Where to start with Homer
Read the Odyssey first — a man trying to get home — before you read the Iliad — a war with no clean side.
You have heard the Iliad and the Odyssey are foundational, you have looked at the older translations and put them back down, and you want a sequence that meets the poems as poems before they become curriculum.
Starting with the Iliad and hitting the catalogue of ships, the long battle scenes, and the unfamiliar moral universe cold — and concluding Homer is for specialists. Or reading either poem in an old verse translation when a good modern one would do the same work in half the time.
The reading path
- The Odyssey — A modern translation — Emily Wilson, Robert Fagles, Stanley Lombardo. Read it as a story, not as a curriculum. Notice how the poem is structured around a return that takes ten years; the patience is the form, the same way it is in the Mahabharata.
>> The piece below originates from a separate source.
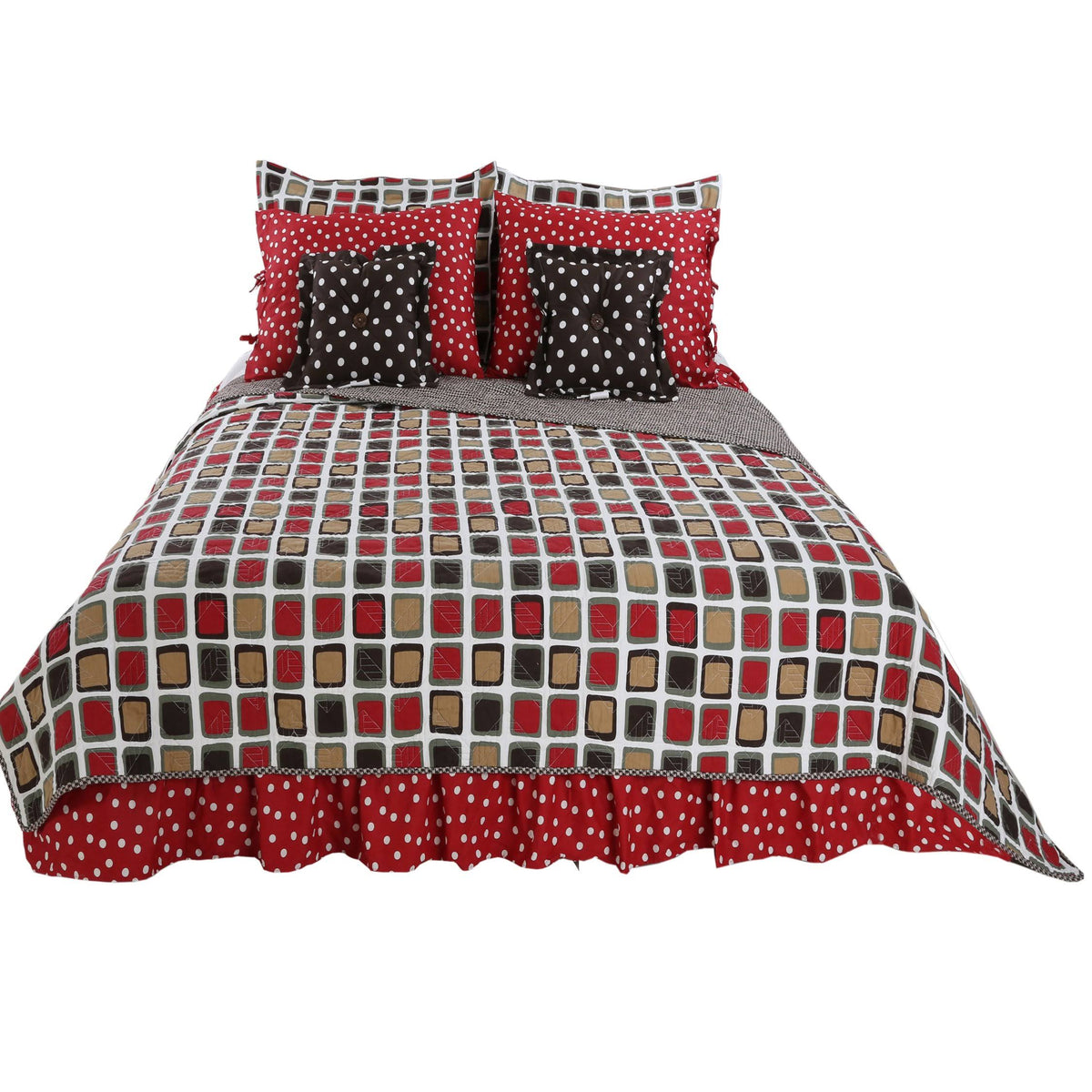 3 Piece Reversible Quilt, Brown - Full - Queen R964215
- The Iliad — A modern translation again. The poem is not about the whole Trojan War; it is about one man's rage in a few weeks of one year of it. Read for Achilles' grief, for Hector saying goodbye to his wife, for the weight Homer gives to every named soldier killed. The gods are not on your side and the poem is not consoling.
Why this order
Homer is the foundation of literary Europe and a working argument that humans have always been like this — angry, grieving, longing for home, lying to themselves — and meeting the poems in the order that lets the argument land is the kindest first reading.